I Scream, You Scream, We All Scream For For Getting Our Lips Sewn Shut and Being Eaten By Crocodiles

Murders In the Zoo is on DVD for the first time and maybe it's the Benadryl talking but I thought it was pretty great. I am completely obsessed with Kathleen Burke, the crazily perfectly art deco looking actress. And then I noted that the film was directed by Edward Sutherland, Louise Brooks' first husband. I think he has a type. But really, she looks like a piece of illustration. Unfortunately she winds up being eaten by crocodiles. It's that kind of movie. Okay, she wasn't much of an actress, but it's a total shame she never wound up hanging out with the surrealists in Europe because they would have gone mad for her.

There is also some modern CSI style lab work and an inexplicably hammy turn by somebody named Charles Ruggles. This is pretty much a straight up horror movie. There's the delightfully creepy murderer played by Lionel Atwill, a bunch of people who are there to be killed, and the love interest (the boring couple who survive). But Charles Ruggles gets top billing as the unnecessary and annoying Zoo publicist. Since when does the unnecessary comic relief get top billing? I have a feeling someone if the front office thought the movie was "too dark" and it needed someone more famous, so they shoe-horned in this unfunny comedian.


Lionel Atwill and Kathleen Burke

I really wonder what happened to Kathleen Burke. She got married and retired from the movie business at 25. She did lots of radio until about 1940 (when she was still not yet 30) and then fell off the radar. She died in 1980, and no one's really sure what became of her in the intervening 40 years. Maybe she became a hard-boiled Chandleresque dame. But I suppose it's more likely she became a housewife and led a perfectly ordinary, uneventful life. But I can dream, can't I? Or perhaps at one point I can invent an exciting and fictional alternate 40 years and all questions will answered and all mysteries solved.
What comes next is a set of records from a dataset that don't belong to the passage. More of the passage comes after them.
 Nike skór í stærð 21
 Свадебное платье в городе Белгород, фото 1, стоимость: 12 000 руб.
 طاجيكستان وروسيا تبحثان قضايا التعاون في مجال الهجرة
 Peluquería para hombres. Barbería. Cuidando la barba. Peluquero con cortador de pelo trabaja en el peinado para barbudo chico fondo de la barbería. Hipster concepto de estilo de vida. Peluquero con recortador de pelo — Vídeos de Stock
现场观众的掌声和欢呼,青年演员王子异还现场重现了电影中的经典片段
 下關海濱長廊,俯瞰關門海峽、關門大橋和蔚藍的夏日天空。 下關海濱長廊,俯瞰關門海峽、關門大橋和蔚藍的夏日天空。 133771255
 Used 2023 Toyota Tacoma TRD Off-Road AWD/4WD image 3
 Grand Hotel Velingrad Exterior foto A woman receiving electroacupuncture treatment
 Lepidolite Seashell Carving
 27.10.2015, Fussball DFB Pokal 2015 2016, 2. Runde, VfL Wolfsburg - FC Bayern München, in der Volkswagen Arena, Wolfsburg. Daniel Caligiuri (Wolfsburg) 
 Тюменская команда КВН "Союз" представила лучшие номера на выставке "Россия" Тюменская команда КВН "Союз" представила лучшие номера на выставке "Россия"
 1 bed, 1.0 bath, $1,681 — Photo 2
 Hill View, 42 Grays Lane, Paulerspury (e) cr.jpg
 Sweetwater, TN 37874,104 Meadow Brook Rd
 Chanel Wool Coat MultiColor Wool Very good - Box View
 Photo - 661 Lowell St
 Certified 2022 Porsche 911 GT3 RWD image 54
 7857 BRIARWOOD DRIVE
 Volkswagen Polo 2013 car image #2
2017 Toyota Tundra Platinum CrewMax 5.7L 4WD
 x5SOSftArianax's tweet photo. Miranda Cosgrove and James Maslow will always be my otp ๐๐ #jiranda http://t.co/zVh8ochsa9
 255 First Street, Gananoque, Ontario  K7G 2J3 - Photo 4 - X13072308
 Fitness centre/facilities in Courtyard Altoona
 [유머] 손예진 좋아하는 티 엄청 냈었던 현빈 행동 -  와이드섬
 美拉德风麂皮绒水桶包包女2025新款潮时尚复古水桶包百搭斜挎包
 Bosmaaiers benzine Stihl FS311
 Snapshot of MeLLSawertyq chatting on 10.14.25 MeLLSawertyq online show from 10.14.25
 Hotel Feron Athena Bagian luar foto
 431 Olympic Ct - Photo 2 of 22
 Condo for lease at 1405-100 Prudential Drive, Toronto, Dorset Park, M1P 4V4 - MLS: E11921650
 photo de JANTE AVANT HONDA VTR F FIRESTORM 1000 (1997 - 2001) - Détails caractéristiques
Here is the completely grisly opening sequence:



Zoo isn't on Netflix and TCM sadly doesn't have it On Demand. You can purchase the DVD at the TCM store either as a part of their Universal Cult Horror collection (which looks awesome) or individually.

1 comment:

miconian said...

I'm liking the idea of you filling in the blanks... 'The Secret Life Of Kathleen Burke,' or similar.